Leaving pictures aside, restate exactly the lines of the data below, from the first one through the line that contains "Гальмівний шланг 380mm".

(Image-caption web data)
BEGIN

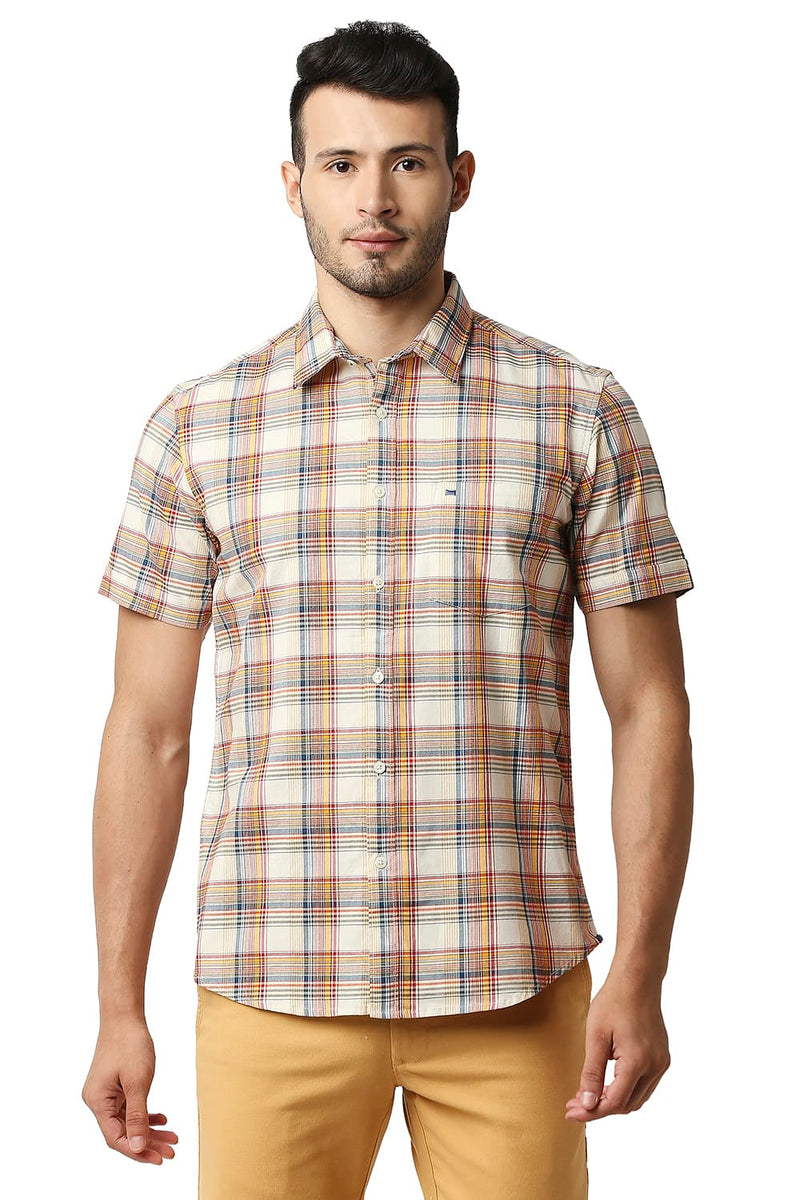 BASICS SLIM FIT TWILL CHECKS SHIRT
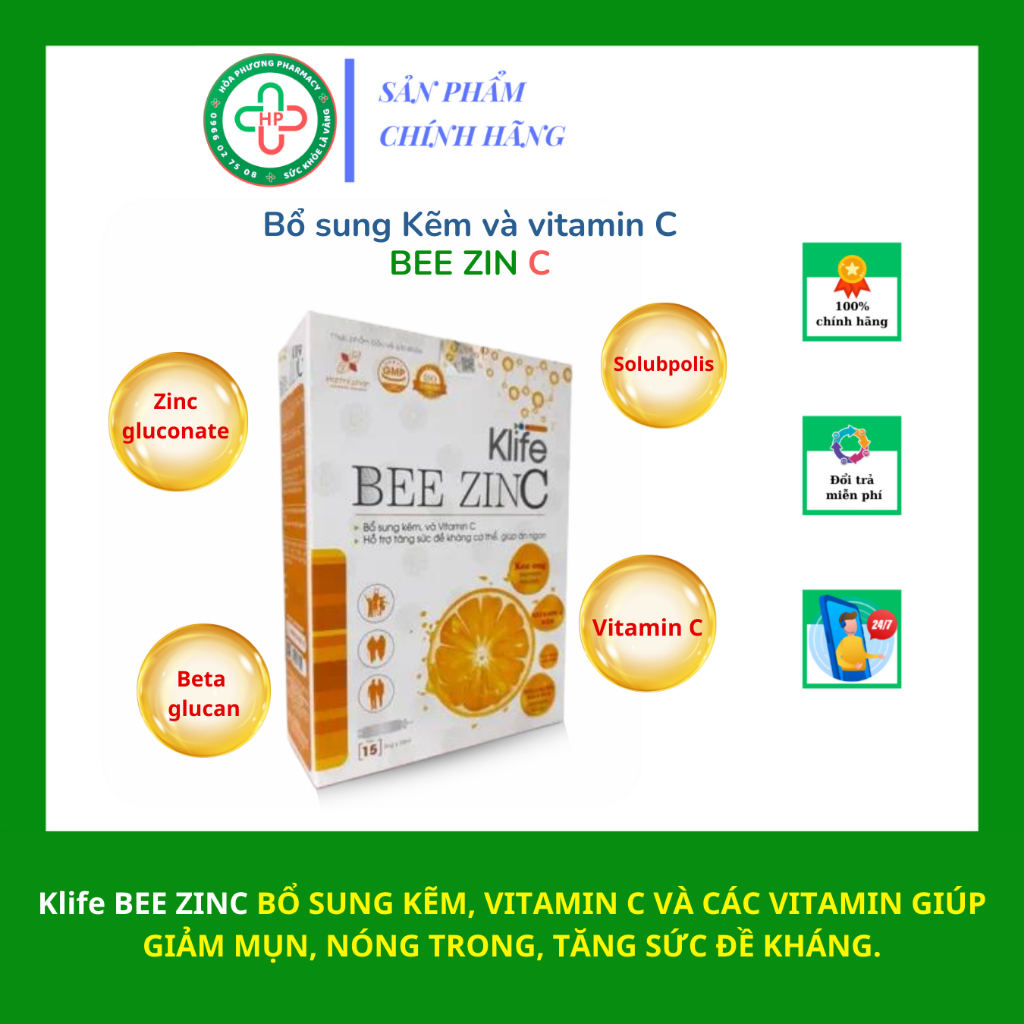 Klife BEE ZINC bổ sung kẽm, vitamin C | Shopee Việt Nam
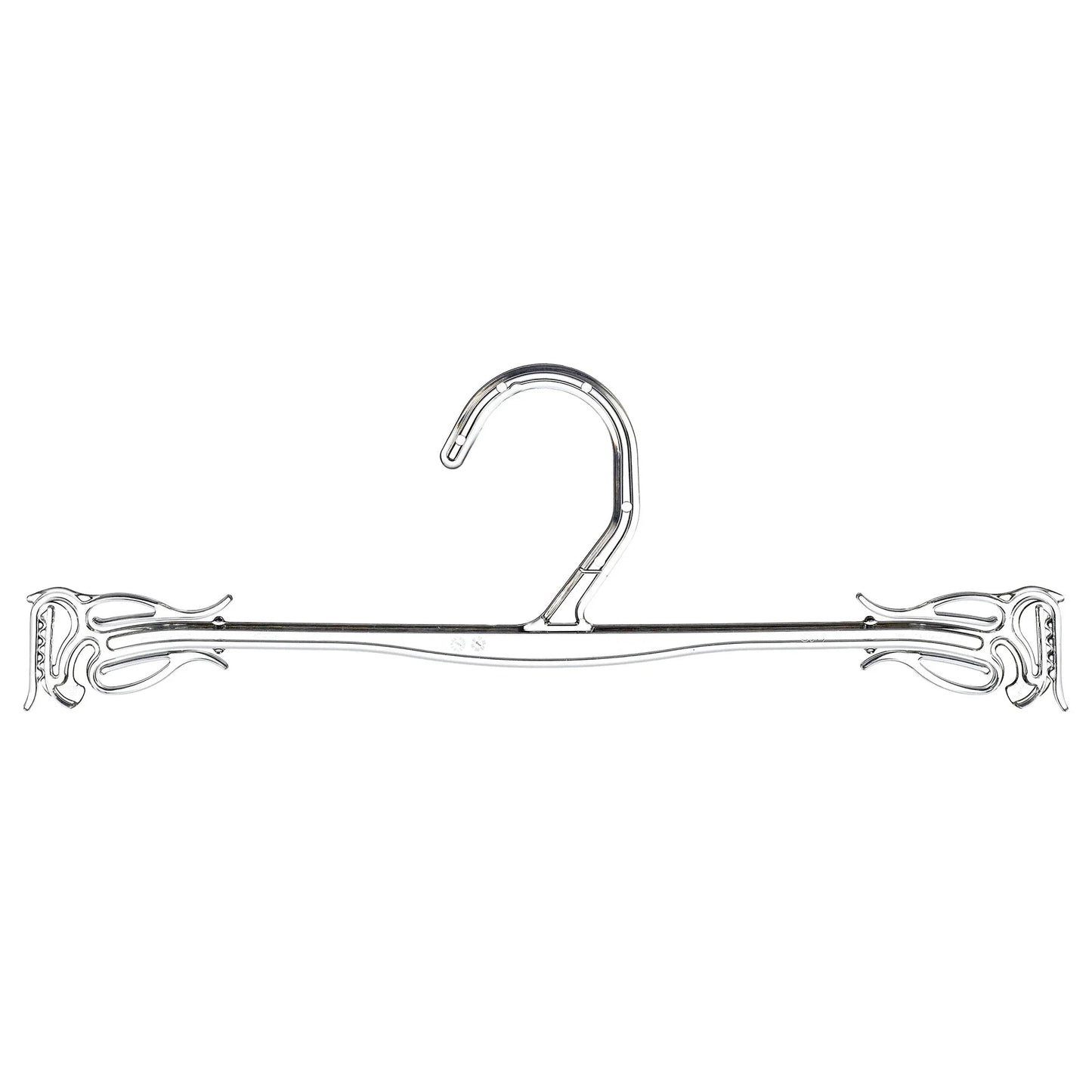Clear plastic garment hanger with adjustable clips for retail clothing display
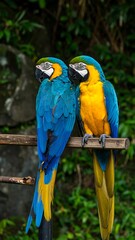 Obraz premium Two parrots perched on a branch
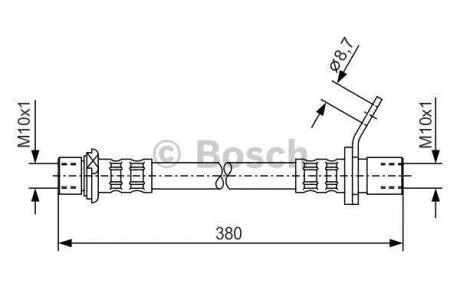 Гальмівний шланг 380mm TOYOTA Avensis \'\'RR \'\'1,6-2,0 \'\'97-03 BOSCH 1 987 476 162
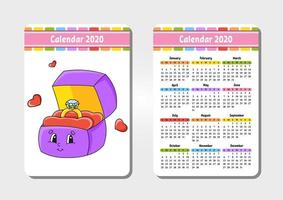 Calendar for 2020 with a cute character. Pocket size. Fun and bright design. Isolated vector illustration. Cartoon style.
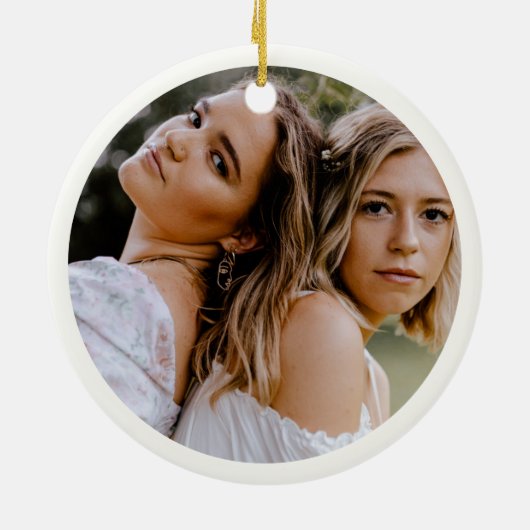 Kute onze eerste Kerstmis als Mrs. en Mrs. foto Keramisch Ornament (Achterkant)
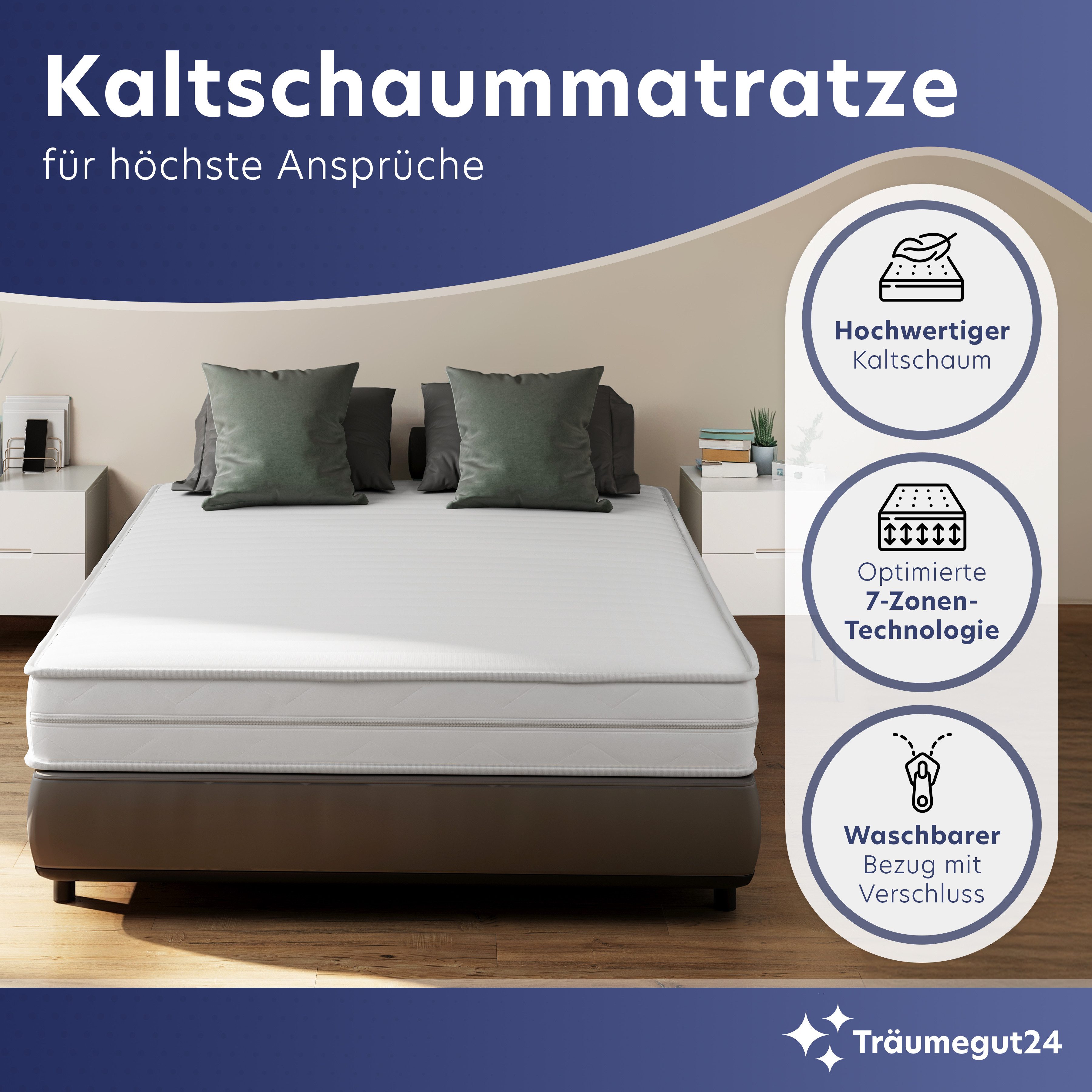 Kaltschaummatratze AquaFlex - 7-Zonen Wendematratze mit zwei Liegeseiten H3&H4, Träumegut24, verschiedene Größen, Höhen und Härtegrade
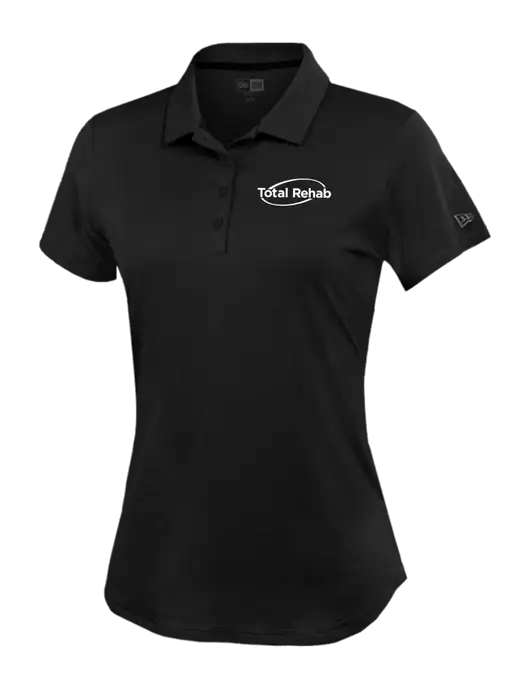 New Era Womens Power Black Polo w/Total Rehab Logo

END

**Task output**
 BASICS SLIM FIT TWILL CHECKS SHIRT
 Klife BEE ZINC bổ sung kẽm, vitamin C | Shopee Việt Nam
Clear plastic garment hanger with adjustable clips for retail clothing display
 Obraz premium Two parrots perched on a branch
 Гальмівний шланг 380mm TOYOTA Avensis \'\'RR \'\'1,6-2,0 \'\'97-03 BOSCH 1 987 476 162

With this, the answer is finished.